Iraq

Background

The Security Council in its resolution 661 (1990), adopted following the invasion of Kuwait by Iraq in August 1990, banned all exports and most imports from and to Iraq, and froze Iraq’s financial assets abroad.  A Committee of the Security Council was established to monitor compliance with the sanctions.  In addition, resolution 670 (1990) established a ban on flights destined to land or take off in Iraq, again with humanitarian exemptions.

Resolution 687 (1991), adopted following the liberation of Kuwait, stated that the measures first imposed against exports to Iraq would not apply to foodstuffs and to materials and supplies for essential civilian needs, and that the Council would review this part of the sanctions regime every 60 days.  Several such reviews have so far taken place, although none have resulted in a modification of the sanctions regime.  Resolution 700 (1991) established that the Committee report at 90-day intervals to the Council on the implementation of the arms embargo and related sanctions against Iraq; to date, more than 40 such reports have been submitted.
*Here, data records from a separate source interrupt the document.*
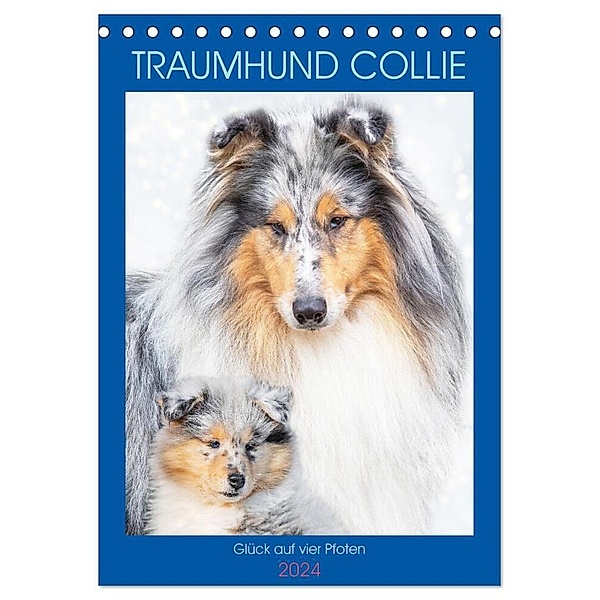 Traumhund Collie - Glück auf vier Pfoten (Tischkalender 2024 DIN A5 hoch), CALVENDO Monatskalender, Sigrid Starick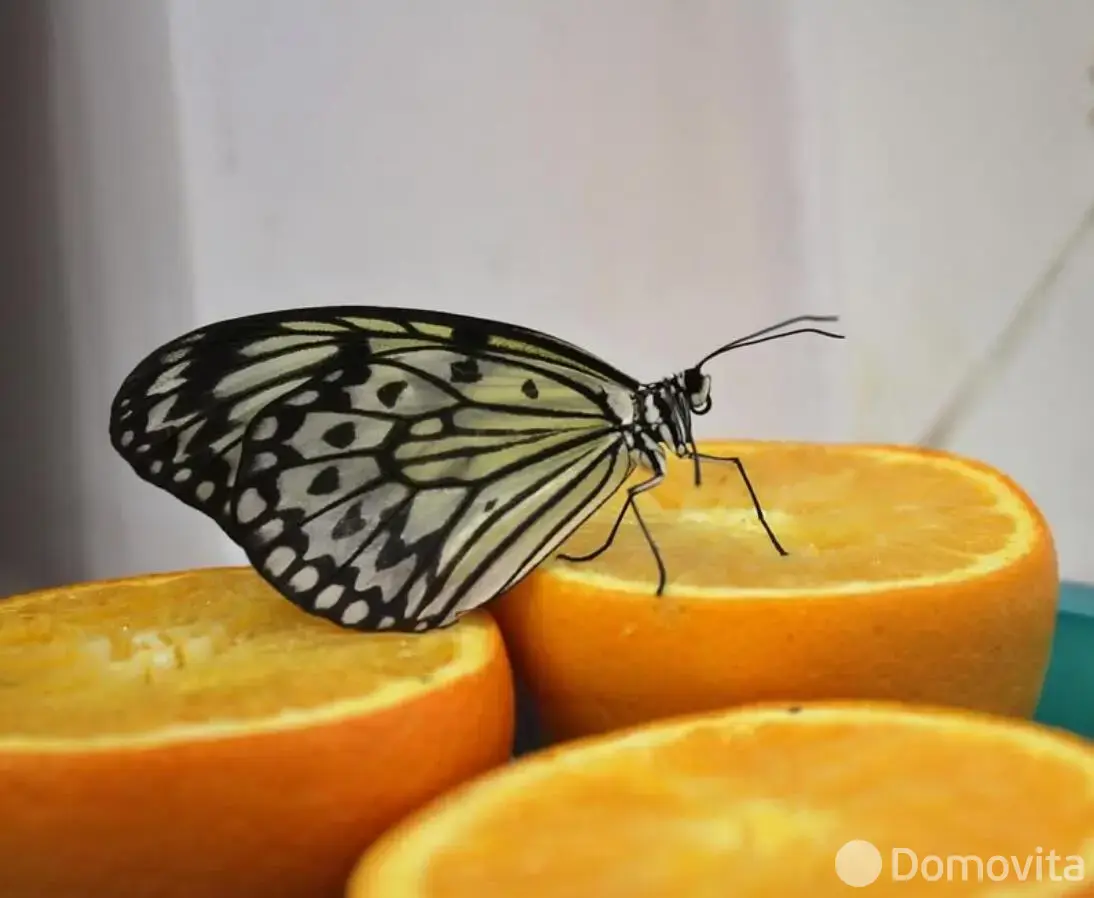 купить торговый объект, Минск, ул. Кирилла Туровского, д. 16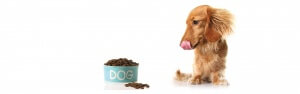 Brandable Business Names for sale at Namergy.com: DogFood.co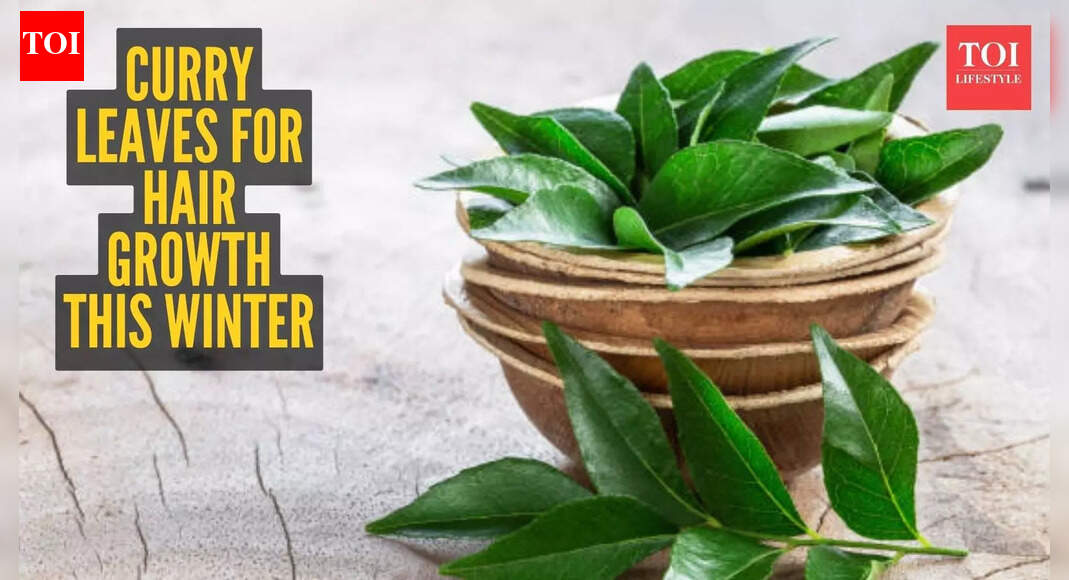 Curry leaves for hair growth: How to use kadi patta for hair growth this winter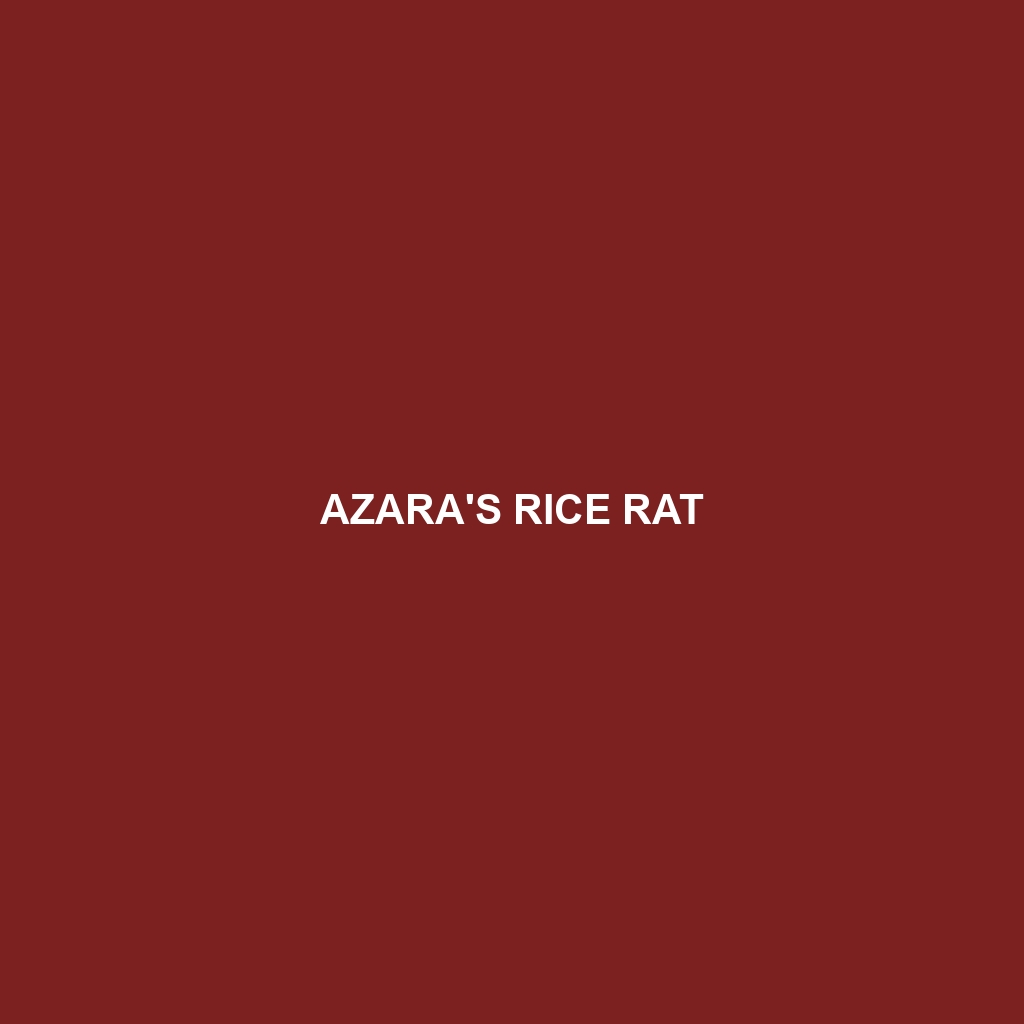 Azara's Rice Rat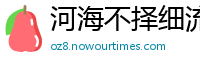 河海不择细流网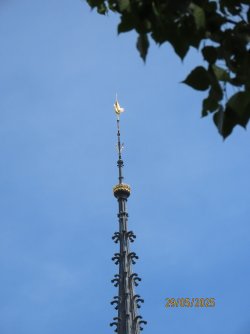 IMG_8516.JPG
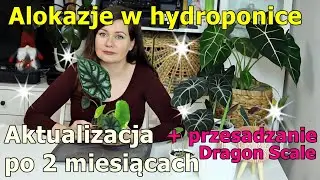Alokazje w hydroponice - Aktualizacja po 2 miesiącach | przesadzam Dragon Scale do hydro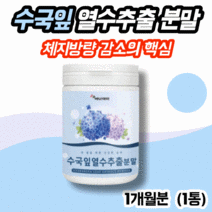 수국잎 수국잎추출물다이어트 AMPK효소 고함량수국잎추출물 하이드라제놀 수국잎하이드란제놀 프리미엄 수국잎열수추출물, 에너데이 수국잎열수추출분말 100g X 1통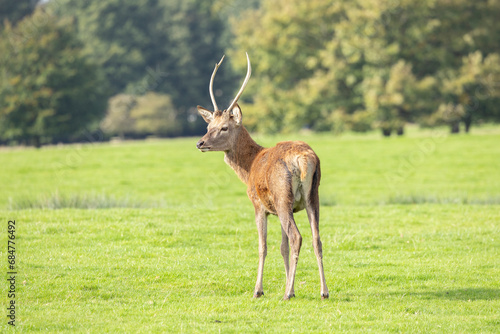 Young Red deer male, cervus elaphus, rutting during mating season on a field photo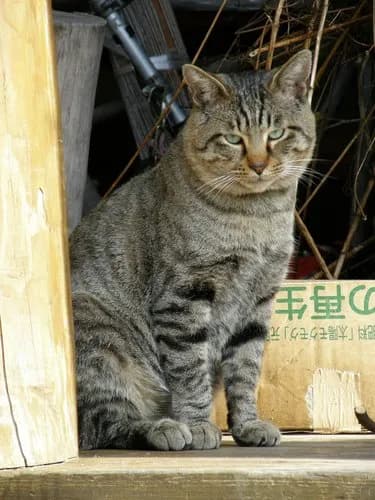 【困惑】野良猫さんへの餌やり、違反なのか？・・・・・・・・・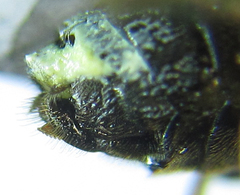 Pristiphora thalictri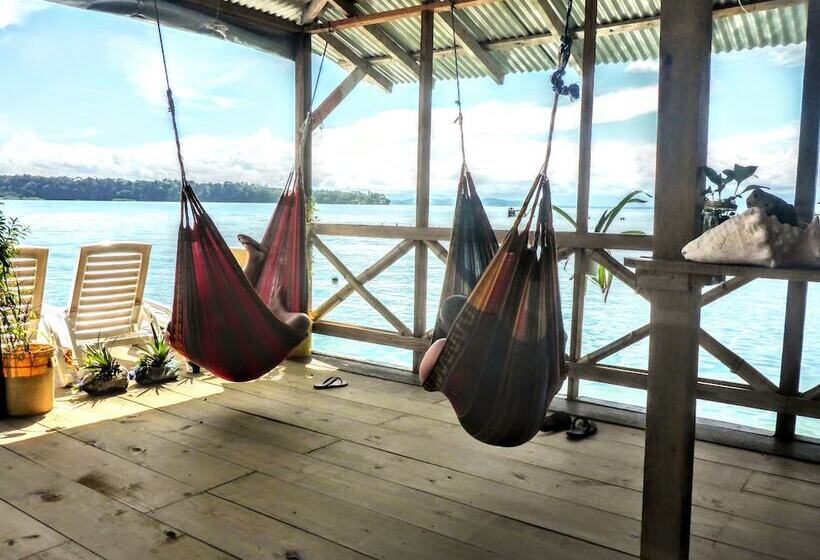 فندق فئة نجمة واحدة El Jaguar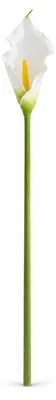 Produktbild von LAYBA Künstliche Calla 63 cm, weiße Kunstblume mit 15 cm Blüte, langer grüner Stiel, dekorative künstliche Blume für Vase, Hochzeit, Event und Wohnraum
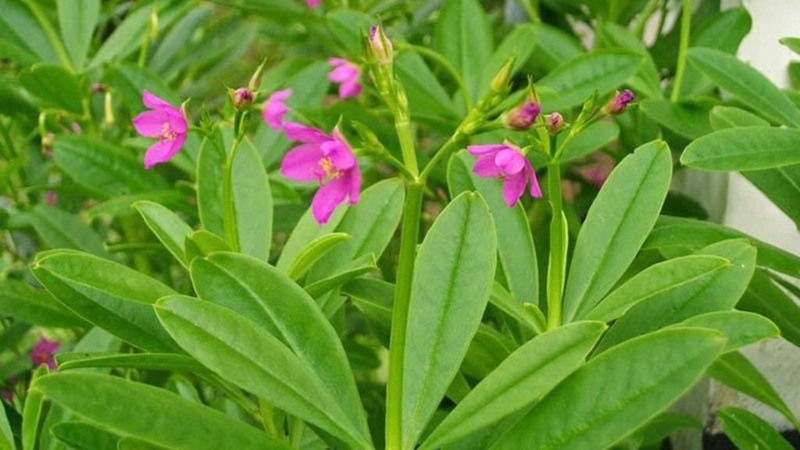 Rau sâm đất ăn có tác dụng gì? Lưu ý gì khi dùng? 1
Resolution 986 (1995) allowed Iraq to sell a limited amount of petroleum and petroleum products to finance the purchase of humanitarian goods as well as mandated various United Nations activities concerning Iraq (the Oil-for-Food Programme). This Programme is managed by the Office of the Iraq Programme and has been extended several times.

The Office of the Iraq Programme (OIP) was established in October 1997 to implement the oil for food programme for Iraq established by Security Council resolution 986 (1995) and subsequent resolutions.

Resolution 1284 (1999) removed the ceiling on Iraqi oil exports and provided for additional arrangements for facilitating humanitarian supplies to Iraq.  The resolution also established the United Nations Monitoring, Verification and Inspection Commission (UNMOVIC) to monitor the elimination of weapons of mass destruction in Iraq, thereby replacing the United Nations Special Commission (UNSCOM). 

Adopting a draft resolution on Iraq on 14 May 2002, the Security Council decided to approve a list of revised sanctions against Iraq and to extend the country's oil-for-food program for a further 180 days. The Council also adopted resolution 1409 (2002) in which it decided to adopt a revised Goods Review List (document S/2002/515) and revised procedures (document S/2002/532) for its application for implementation beginning on 30 May 2002 as a basis for the humanitarian program in Iraq.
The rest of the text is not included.